Dès lors une négation du temps de l'expérience s'entend plutôt comme une redéfinition de ce temps et non comme une tentative évidemment naïve de vouloir s'en passer.
Toutefois, il me semble important de maintenir provisoirement l'idée d'une négation ou d'une abolition du temps pour deux raisons :
1° Les textes auxquelles je pense partent et parlent pour la plupart d'un temps intuitif tel que je l'ai défini. Ils ne remettent pas en question cette définition du temps.
2° Ce qu'ils entreprennent alors de faire ce n'est pas de redéfinir le temps mais bien d'y échapper sous différentes formes. Cette fuite hors du temps, n'est pas perçue comme le premier pas vers une redéfinition mais elle a valeur en soi, comme possibilité de représenter une victoire sur la condition temporelle de l'homme. Ce qu'ils visent n'est pas un autre temps, ou un temps mieux défini mais bien un hors temps.
Il y a donc une sorte de naïveté littéraire et une part d'utopie qu'il me semble important de maintenir (au moins un temps !)

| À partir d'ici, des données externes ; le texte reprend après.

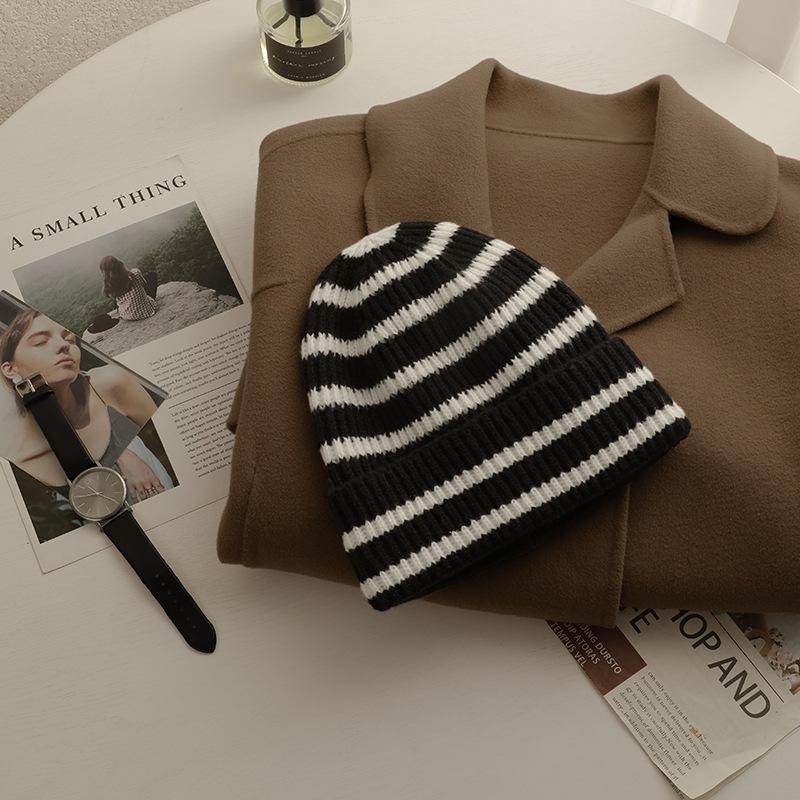 

Hat, Knitted Hat Women s Autumn and Winter Japanese Tide Striped Letters ins Big Head Circumference Warm Student Versatile Wool Cold Hat M（56-58cm）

3° Si je suis d'accord pour admettre que ces tentatives ont une part de naïveté, il me semble en revanche important en ce qui concerne l'étude des textes littéraires de maintenir la distinction entre redéfinition du temps et abolition du temps
En effet je ferai l'hypothèse que penser ou étudier la littérature selon d'autres temporalités ou selon un temps redéfini, et selon un hors-temps, c'est-à-dire en ne faisant plus du temps une catégorie pertinente et déterminante ne revient pas au même.
Voilà pourquoi, pour l'instant tout au moins, je voudrais maintenir la distinction entre redéfinition et abolition, quitte à l'abandonner par la suite.
J'en viens maintenant aux quatres modalités « achroniques » que j'ai définies (étant entendu que comme toute distinction, celle que je propose est heuristique et peut comporter des intersections et des recoupements)
1° Ce que j'ai appelé une logique spatiale :
a) Du point de vue de la définition intuitive du temps, cette conception s'oppose à l'idée et de succession (l'un puis l'autre) et d'irréversibilité du temps (on ne peut aller que dans un seul sens) pour y opposer l'idée de simultanéité et de réversibilité qui est propre à l'expérience de l'espace.
b) Si l'on cherche quel type de réflexions peuvent nous aider à considérer cette conception on pense évidemment aux théories du temps fondées sur la mémoire et sur l'image ou l'espace :
Cf Benjamin dans Le Livre des passages et la relecture qu'en propose Didi-Huberman dans Devant le temps (p. 101 et sqq) : c'est alors le lieu, l'espace qui est porteur de la mémoire simultanée de plusieurs temps.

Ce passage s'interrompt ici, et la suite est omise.